(Records excerpted from a collection)
+++++
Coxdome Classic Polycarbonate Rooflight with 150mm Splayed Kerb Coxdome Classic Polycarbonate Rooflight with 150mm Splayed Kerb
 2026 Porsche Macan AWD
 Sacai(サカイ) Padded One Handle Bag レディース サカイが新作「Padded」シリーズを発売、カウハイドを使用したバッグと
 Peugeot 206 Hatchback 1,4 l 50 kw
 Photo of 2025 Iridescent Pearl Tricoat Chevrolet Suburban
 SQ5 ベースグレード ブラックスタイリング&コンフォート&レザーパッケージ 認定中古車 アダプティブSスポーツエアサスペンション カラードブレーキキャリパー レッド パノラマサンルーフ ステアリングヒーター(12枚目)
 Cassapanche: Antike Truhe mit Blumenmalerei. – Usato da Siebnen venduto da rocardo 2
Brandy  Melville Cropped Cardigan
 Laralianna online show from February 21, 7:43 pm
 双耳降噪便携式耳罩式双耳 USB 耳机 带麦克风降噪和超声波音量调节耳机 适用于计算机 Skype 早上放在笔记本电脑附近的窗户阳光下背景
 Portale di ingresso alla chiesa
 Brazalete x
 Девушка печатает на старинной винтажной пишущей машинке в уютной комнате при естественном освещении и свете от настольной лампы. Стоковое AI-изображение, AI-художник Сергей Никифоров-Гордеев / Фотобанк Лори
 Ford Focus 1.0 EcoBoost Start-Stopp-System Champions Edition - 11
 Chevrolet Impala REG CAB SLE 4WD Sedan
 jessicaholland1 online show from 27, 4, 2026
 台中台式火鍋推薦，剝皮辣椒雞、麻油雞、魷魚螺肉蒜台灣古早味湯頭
+++++
▸ **Your goal**
Please copy the data in full, character for character.

▸ **Result of this task**
Coxdome Classic Polycarbonate Rooflight with 150mm Splayed Kerb Coxdome Classic Polycarbonate Rooflight with 150mm Splayed Kerb
 2026 Porsche Macan AWD
 Sacai(サカイ) Padded One Handle Bag レディース サカイが新作「Padded」シリーズを発売、カウハイドを使用したバッグと
 Peugeot 206 Hatchback 1,4 l 50 kw
 Photo of 2025 Iridescent Pearl Tricoat Chevrolet Suburban
 SQ5 ベースグレード ブラックスタイリング&コンフォート&レザーパッケージ 認定中古車 アダプティブSスポーツエアサスペンション カラードブレーキキャリパー レッド パノラマサンルーフ ステアリングヒーター(12枚目)
 Cassapanche: Antike Truhe mit Blumenmalerei. – Usato da Siebnen venduto da rocardo 2
Brandy  Melville Cropped Cardigan
 Laralianna online show from February 21, 7:43 pm
 双耳降噪便携式耳罩式双耳 USB 耳机 带麦克风降噪和超声波音量调节耳机 适用于计算机 Skype 早上放在笔记本电脑附近的窗户阳光下背景
 Portale di ingresso alla chiesa
 Brazalete x
 Девушка печатает на старинной винтажной пишущей машинке в уютной комнате при естественном освещении и свете от настольной лампы. Стоковое AI-изображение, AI-художник Сергей Никифоров-Гордеев / Фотобанк Лори
 Ford Focus 1.0 EcoBoost Start-Stopp-System Champions Edition - 11
 Chevrolet Impala REG CAB SLE 4WD Sedan
 jessicaholland1 online show from 27, 4, 2026
 台中台式火鍋推薦，剝皮辣椒雞、麻油雞、魷魚螺肉蒜台灣古早味湯頭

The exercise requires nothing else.